Naturalmente, temos de nos perguntar sobre quem é o Estado. Na velha definição aprendida há muitos, muitos anos, o Estado é a Nação politicamente organizada e, ao aceitar que assim é, aceitamos que no Estado reside a nossa vontade colectiva, colectivamente delegada para nos assegurar bem-estar, defesa, segurança, ordem e integração no concerto dos outros Estados também soberanos.
Talvez nunca, nos últimos anos, a figura Estado tenha tido tanta presença junto de nós, pois, agora, todos esperamos que seja ele o nosso protector, o nosso amparo, o nosso sustentáculo. Estranhamente, nesta altura, esquecemos a relutância que temos quando toca a pagar impostos para dar existência à máquina estatal, porque todos fugimos o mais possível a essa contribuição; fogem os ricos e fogem os menos ricos. Sendo esquisito, contudo, é compreensível, esta forma dicotómica como percepcionamos, por um lado, as obrigações do Estado e, por outro, os seus direitos, pois é um direito estatal a arrecadação de impostos para cumprimento dos seus deveres.
Compreendem-se os nossos estados de espírito perante o Estado, porque somos fruto de uma cultura individualista: exigimos receber e evitamos pagar. Prevalece o eu liberal em oposição ao nós colectivo. Esse nós só funciona, e com toda a carga imperativa, quando cada eu individual se sente ameaçado e, então, surgem as obrigações colectivas do Estado.
Aplaudimos e louvamos os esforços do pessoal sanitário, que nos salva e nos trata agora, mas esquecemos que eles têm de viver dos nossos impostos e, bom será que mantenhamos a recordação actual quando chegar o momento de lhes reduzir as horas de trabalho e aumentar os salários. Acreditem que essa hora vai chegar! Vai chegar da mesma forma que a administração da TAP já se posiciona para pedir ao Estado a ajuda a que se julga com direito em consequência da falta de operação.
Temos aqui um caso típico de um eu colectivo a funcionar como um eu individual. Vejamos.
A TAP vai ter um grande prejuízo no final desta crise. Claro que vai, tal como todas as grandes empresas que vivem de um mercado flutuante, mas o capital que sustenta a companhia de aviação é conseguido pela compra de acções, o que quer dizer que o prejuízo é suportado em função da não distribuição de dividendos aos accionistas. Estes têm bom remédio: vendem as acções de modo a perderem o menos possível. E vendem ao Estado, pois assim será justo o processo de o dinheiro público poder dar entrada com vantagem na companhia aérea. Injusto seria injectar dinheiro a fundo perdido, pois, mais tarde, os dividendos irão cair nos bolsos dos accionistas.
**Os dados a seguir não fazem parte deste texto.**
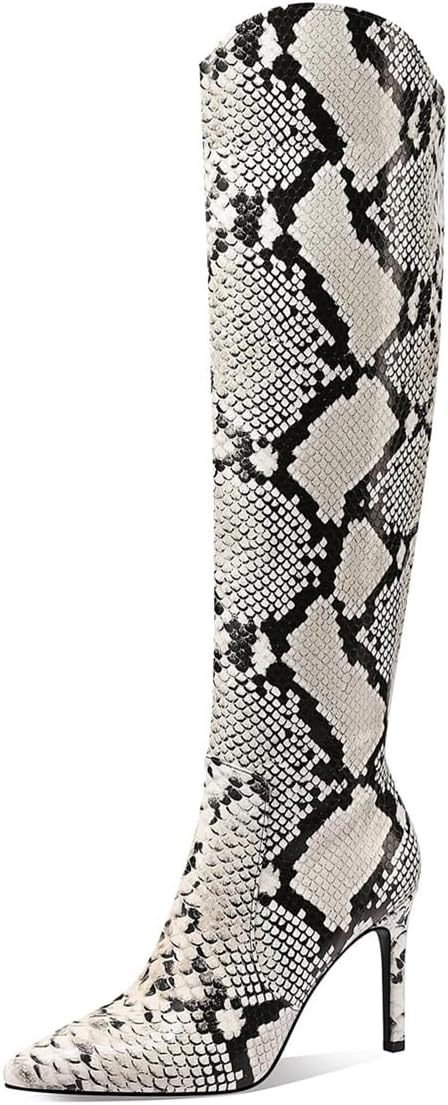 JANSEVEN Snakeskin Knee High Boots for Women Snake Skin Tall Boot with Stiletto High Heel Python Print Pointed Toe Fashion Boots Side Zipper 9 White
Claro que o conselho de administração da companhia pode, se assim o decidir, lançar um grande empréstimo sob a forma de obrigações!
Poder, pode, mas é mais fácil, à semelhança do que a banca fez, levar o Estado a capitalizar a TAP, o mesmo é dizer, levar todos nós a pagar o prejuízo que deve ser suportado pelos accionistas, na medida em que, havendo lucro, este não é entregue ao Estado, ou seja, a todos nós.
A TAP não se pode querer comparar a uma pequena ou média empresa capitalizada à custa de bastantes sacrifícios dos sócios, geralmente dois ou três com pequenos recursos financeiros. Neste caso, esses negócios têm de ser olhados pelo Estado como se de cidadãos individuais se tratassem, olhados do mesmo modo como olha o desempregado, o doente, o reformado.
É no exercício deste difícil equilíbrio entre ser político e ser servidor da nação, que os governantes, porque dão pernas, braços, corpo e rosto ao Estado, têm de mostrar a sua real capacidade e, acima de tudo, a sua honestidade.